Capital, Bloomsburg. III. An E. county of Georgia, separated from South Carolina by the Savannah river, bounded N. W. by Little river, and traversed by the Georgia railroad; area, 500 sq. m.; pop. in 1870, 13,529, of whom 9,449 were colored. It has an uneven surface, and a soil once fertile but impaired by improper tillage. A gold mine near Little river has been worked. The chief productions in 1870 were 8,699 bushels of wheat, 121,160 of Indian corn, 11,-864 of oats, 15,092 of sweet potatoes, 46,311 lbs. of butter, and 7,434 bales of cotton. There were 910 horses, 1,219 mules and asses, 2,058 milch cows, 3,858 other cattle, and 7,997 swine. Capital, Appling. IV. A N. E. county of Florida, bordering on Georgia, bounded S. by the Santa Fe and N. W. by the Suwannee river; area, 864 sq. m.; pop. in 1870, 7,335, of whom 3,228 were colored. The surface is level, and the soil light and sandy. Pine forests cover a considerable part of the county. The Jacksonville, Pensacola, and Mobile railroad passes through it. The chief productions in 1870 were 103,317 bushels of Indian corn, 24,-798 of oats, 32,316 of sweet potatoes, 15,526 gallons of molasses, and 1,264 bales of cotton. There were 733 horses, 3,562 milch cows, 7,168 other cattle, 1,654 sheep, and 8,957 swine.

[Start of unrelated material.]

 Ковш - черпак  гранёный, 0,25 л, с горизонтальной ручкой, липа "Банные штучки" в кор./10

Capital, Lake City. V. A S. W. county of Arkansas, bordering on Louisiana, watered by Bayou Dorcheat; area, about 950 sq. m.; pop. in 1870, 11,397, of whom 3,718 were colored. In 1871 a portion was taken to form Nevada co. The surface is level, and the soil fertile. The chief productions in 1870 were 3,149 bushels of wheat, 245,388 of Indian corn, 48,-024 of sweet potatoes, and 5,565 bales of cotton. There were 1,042 horses, 944 mules and asses, 2,217 milch cows, 3,889 other cattle, 5,472 sheep, and 13,652 swine. Capital, Magnolia. VI. A S. county of Wisconsin, intersected by the Wisconsin and Neenah rivers; area, 751 sq, m.; pop. in 1870, 28,802. The surface is rolling or hilly, and the soil rich. The Wisconsin is navigable by steamboats to Winnebago Portage, whence a canal connects it with the Neenah, 1 1/2 m. distant. The Milwaukee and St. Paul railroad crosses the county. The chief productions in 1870 were 1,517,332 bushels of wheat, 40,844 of rye, 528,-541 of Indian corn, 678,907 of oats, 51,745 of barley, 202,068 of potatoes, 44,184 tons of hay, 706,516 lbs. of butter, 168,255 of wool, and 230,762 of hops.

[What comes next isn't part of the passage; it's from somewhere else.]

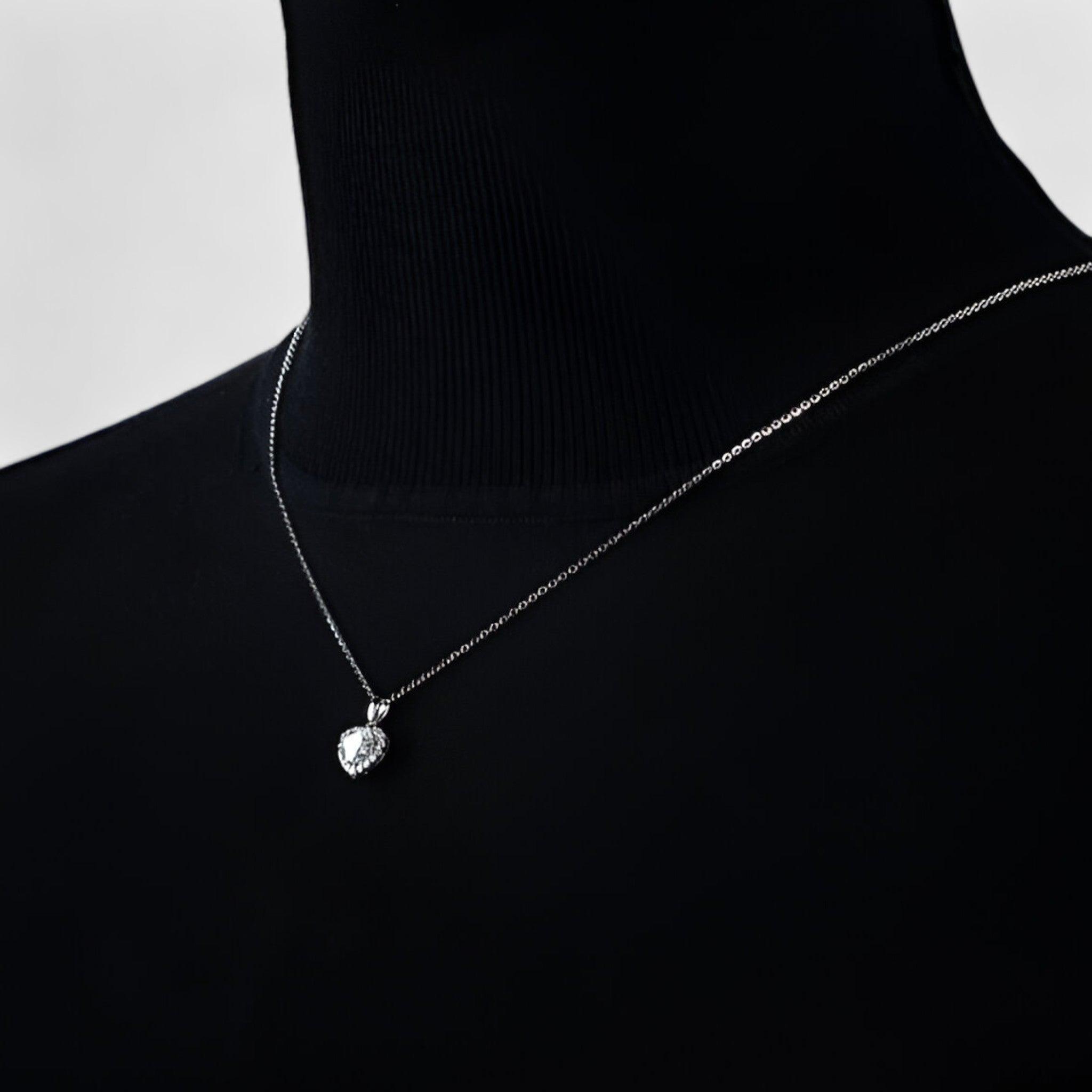 Amouria - Moissanite Heart Pendant Necklace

There were 9,758 horses, 9,659 milch cows, 10,628 other cattle, 40,413 sheep, and 11,743 swine; 3 manufactories of boots and shoes, 13 of carriages and wagons, 2 of bricks, 8 of saddlery and harness, 4 flour mills, 6 breweries, 2 planing mills, 2 saw mills, and 2 leather-currying establishments. Capital, Portage City. VII. A N. W. county of Oregon, bounded N. and E. by the Columbia river, separating it from Washington territory, and watered by the Klaskanine; area, 470 sq. m.; pop. in 1870, 863. The W. border is mountainous. Coal and iron are found; the soil is good. The chief productions in 1870 were 1,619 bushels of wheat, 1,169 of Indian corn, 2,260 of oats, 10,337 of potatoes, and 1,850 tons of hay. There were 307 horses, 724 milch cows, 1,303 other cattle, 1,602 sheep, and 1,206 swine. Capital, St. Helens.